Lithium batteries represent a good example. As previously noted, in January the Pipeline and Hazardous Materials Safety Administration [PHMSA] issued a notice of proposed rulemaking [NPRM] to modify regulations that govern the shipping of lithium batteries and cells as air freight. The proposed regs require the batteries and battery-containing products be shipped as hazardous materials, imposing unnecessary, anti-competitive and in many cases prohibitively expensive handling and packaging requirements.

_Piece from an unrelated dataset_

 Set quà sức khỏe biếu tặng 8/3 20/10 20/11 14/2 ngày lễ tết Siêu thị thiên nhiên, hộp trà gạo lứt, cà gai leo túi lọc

Lithium-ion batteries are already hugely important in portable electronics and consumer goods, where just-in-time manufacturing and supply chain efficiencies are critical. The National Association of Manufacturers also discussed the impact of the proposed regulations on the electric vehicle industry in the NAM’s formal comments:
As the federal government encourages greater energy independence, the development of a lithium ion battery industry in the United States is more critical than ever. The PHMSA NPRM is totally inconsistent with national policy goals because the rule will make it more difficult and more expensive to ship large advanced batteries that are used for electric and hybrid vehicles and domestic energy exploration. Achieving a level playing field in the United States that keeps transportation services efficient and costs competitive is critical to the success of these larger policies intended to promote energy independence.
These considerations are just as important to the creation of jobs as the stimulus funding trumpeted by the President Friday in North Carolina.